Anche in questo caso occorre decostruire il mito del progresso che fino a qualche tempo fa vedeva nell’industria e nei collegamenti veloci i suoi cavalli di battaglia. Quest’idea continua ad essere valida solo nella mente di quegl’imprenditori che vogliono arricchirsi con le opere da realizzare e in quella dei politici che da questi ricevono appoggio, ricambiandolo con permessi particolari.
Il progresso, basta avere un po’ di buon senso, ormai non ne può più della retorica del costruire: oggi progresso, è una mia opinione, vuol dire valorizzare e ristrutturare. L’ambiente attorno ai cementifici ha pagato a caro prezzo la presenza dell’industria che ospitava vedendo erodere lati interi di montagna: ma ancora più pesante sarà questa eredità se non si riuscirà a creare una prospettiva diversa per tutti quei lavoratori che lì hanno trovato uno stipendio sicuro ma che, per forza di cose, dovranno presto trovare un’altra fonte di reddito.
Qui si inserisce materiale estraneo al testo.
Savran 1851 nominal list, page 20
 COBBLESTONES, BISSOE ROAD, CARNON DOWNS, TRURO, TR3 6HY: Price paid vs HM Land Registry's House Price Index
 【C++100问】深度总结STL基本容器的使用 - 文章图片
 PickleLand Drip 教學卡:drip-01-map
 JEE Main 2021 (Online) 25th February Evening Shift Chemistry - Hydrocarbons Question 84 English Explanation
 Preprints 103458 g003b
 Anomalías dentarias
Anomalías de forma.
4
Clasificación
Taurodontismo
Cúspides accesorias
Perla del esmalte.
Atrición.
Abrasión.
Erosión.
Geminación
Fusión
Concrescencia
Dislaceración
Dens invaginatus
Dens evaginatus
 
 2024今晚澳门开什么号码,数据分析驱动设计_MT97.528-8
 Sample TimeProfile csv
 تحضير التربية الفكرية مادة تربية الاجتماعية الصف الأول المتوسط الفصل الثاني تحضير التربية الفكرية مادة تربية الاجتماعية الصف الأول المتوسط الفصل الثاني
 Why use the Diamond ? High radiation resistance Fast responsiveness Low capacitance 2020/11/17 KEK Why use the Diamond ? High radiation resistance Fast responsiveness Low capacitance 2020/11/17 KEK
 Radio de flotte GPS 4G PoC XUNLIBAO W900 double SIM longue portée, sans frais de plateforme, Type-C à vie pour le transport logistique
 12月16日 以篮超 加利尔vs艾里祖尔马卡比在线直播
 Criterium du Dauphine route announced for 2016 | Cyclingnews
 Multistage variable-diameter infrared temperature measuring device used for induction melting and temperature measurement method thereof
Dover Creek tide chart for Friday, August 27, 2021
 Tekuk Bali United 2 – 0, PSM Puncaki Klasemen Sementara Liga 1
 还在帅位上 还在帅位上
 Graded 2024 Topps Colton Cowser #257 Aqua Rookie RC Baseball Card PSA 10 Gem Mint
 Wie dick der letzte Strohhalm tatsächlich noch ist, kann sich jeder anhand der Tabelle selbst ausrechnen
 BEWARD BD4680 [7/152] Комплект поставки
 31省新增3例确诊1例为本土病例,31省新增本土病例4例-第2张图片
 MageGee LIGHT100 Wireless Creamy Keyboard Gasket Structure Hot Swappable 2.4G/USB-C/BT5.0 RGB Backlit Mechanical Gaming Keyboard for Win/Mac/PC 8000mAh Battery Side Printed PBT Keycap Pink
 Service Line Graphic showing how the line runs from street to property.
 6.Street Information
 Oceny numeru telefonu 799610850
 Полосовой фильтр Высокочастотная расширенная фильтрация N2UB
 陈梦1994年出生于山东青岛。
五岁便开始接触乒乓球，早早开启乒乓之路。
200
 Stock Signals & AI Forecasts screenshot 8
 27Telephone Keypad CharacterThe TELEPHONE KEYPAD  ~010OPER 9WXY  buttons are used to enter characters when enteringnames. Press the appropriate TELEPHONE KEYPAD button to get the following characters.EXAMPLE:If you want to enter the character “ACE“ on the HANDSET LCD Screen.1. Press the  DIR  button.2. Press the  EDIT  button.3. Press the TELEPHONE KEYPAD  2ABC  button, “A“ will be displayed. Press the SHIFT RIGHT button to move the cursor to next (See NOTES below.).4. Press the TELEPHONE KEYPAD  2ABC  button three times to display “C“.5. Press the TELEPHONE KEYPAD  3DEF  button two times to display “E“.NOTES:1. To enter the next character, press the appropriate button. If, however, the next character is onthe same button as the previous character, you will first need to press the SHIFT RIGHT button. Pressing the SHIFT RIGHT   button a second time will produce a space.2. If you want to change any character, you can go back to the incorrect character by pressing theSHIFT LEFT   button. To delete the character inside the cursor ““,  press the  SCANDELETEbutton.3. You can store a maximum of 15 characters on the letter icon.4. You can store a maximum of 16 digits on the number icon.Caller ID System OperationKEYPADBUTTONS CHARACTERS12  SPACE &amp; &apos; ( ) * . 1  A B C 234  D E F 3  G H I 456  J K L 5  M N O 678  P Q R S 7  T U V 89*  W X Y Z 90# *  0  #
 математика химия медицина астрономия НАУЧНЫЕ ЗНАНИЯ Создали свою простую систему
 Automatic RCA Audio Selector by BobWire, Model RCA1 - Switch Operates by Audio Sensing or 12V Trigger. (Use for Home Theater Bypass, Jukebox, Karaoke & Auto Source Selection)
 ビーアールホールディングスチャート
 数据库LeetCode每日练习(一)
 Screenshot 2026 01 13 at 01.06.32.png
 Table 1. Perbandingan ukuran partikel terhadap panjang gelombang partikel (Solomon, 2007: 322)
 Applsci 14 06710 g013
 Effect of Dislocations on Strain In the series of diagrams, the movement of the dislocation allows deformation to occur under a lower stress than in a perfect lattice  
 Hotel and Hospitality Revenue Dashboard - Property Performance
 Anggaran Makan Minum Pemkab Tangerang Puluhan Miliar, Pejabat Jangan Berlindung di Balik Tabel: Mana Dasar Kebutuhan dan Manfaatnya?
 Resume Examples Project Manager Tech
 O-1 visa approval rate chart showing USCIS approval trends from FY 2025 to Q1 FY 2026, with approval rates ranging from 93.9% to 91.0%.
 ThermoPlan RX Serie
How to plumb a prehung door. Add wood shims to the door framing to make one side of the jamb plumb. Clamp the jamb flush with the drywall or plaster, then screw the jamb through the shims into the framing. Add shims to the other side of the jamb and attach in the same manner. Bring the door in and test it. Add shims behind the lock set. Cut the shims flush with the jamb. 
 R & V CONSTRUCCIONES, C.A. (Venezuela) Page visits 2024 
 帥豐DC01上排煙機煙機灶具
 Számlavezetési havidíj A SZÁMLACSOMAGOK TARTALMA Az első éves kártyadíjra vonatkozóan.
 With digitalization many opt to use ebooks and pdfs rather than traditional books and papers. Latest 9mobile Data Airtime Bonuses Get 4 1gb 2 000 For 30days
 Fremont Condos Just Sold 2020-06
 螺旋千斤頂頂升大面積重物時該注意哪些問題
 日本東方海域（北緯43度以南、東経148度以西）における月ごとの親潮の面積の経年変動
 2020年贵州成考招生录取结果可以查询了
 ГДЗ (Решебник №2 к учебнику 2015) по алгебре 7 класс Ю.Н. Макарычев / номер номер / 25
Guardare al problema del lavoro, nella specificità dei propri territori, con occhi nuovi diventa fondamentale. Valorizzando magari attività locali che risentano meno direttamente delle crisi del capitale generate dal capitale stesso. Anche in questo caso, dunque, è un cambiamento di predisposizione mentale e di prassi quotidiane che è necessario.
Il business degli inceneritori è legato a quello delle strade in quanto entrambi hanno a che fare, nel mio paese, con il cemento. Qualunque cosa accada io so che, se queste opere verranno realizzate, questo sarà a causa di una volontà politica, volta a rendere favori ai signori del cemento.